OT: scripting, removing trailing ^L

Jim Asman jlasman at telus.net
Fri Dec 23 10:05:09 PST 2005


--------------- Original Message ---------------
> At 12:00P Fri Dec 23 2005, Bob Stockler wrote:

> William James McEachran wrote (on Fri, Dec 23, 2005 at 11:19:16AM -0500):
> 
> | Slightly off-topic.
> | The data comes from filePro, some of it passes thru 'gnuplot', and in
> | the end the gnuplot graph is incorporated into the filepro output form.
> | The whole thing then is converted with 'pcl6'/ghostpcl into a PDF file
> | Result, a PDF file with data & a graph.
> | 
> | gnuplot adds an unneed "^L" to the end of the graph pcl file.
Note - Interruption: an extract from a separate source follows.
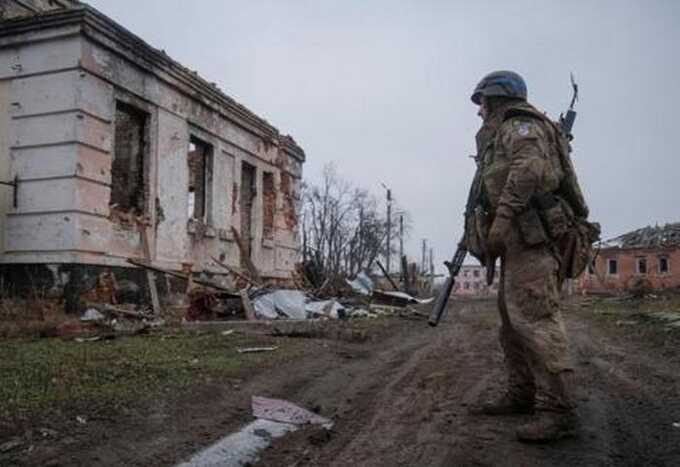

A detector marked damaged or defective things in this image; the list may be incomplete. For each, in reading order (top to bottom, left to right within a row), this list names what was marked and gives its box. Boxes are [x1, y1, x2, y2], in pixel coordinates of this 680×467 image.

I've got
> | to come up with a way to remove just this one character at the end of the
> | file.  I've got a mental block on removing just the final character.
> | 
> | sed? awk?
> 
> How about tr?
> 
>   tr -d '\014' <file1 >file2
> 
> 
Well, we don't know if a ^L can exist legitimately elsewhere in the
file. Certainly, any raster images could contain ^L's. So a blanket
removal of all such characters may not be appropriate.


Jim 
--
jlasman at telus.net                       Spectra Colour Services Ltd.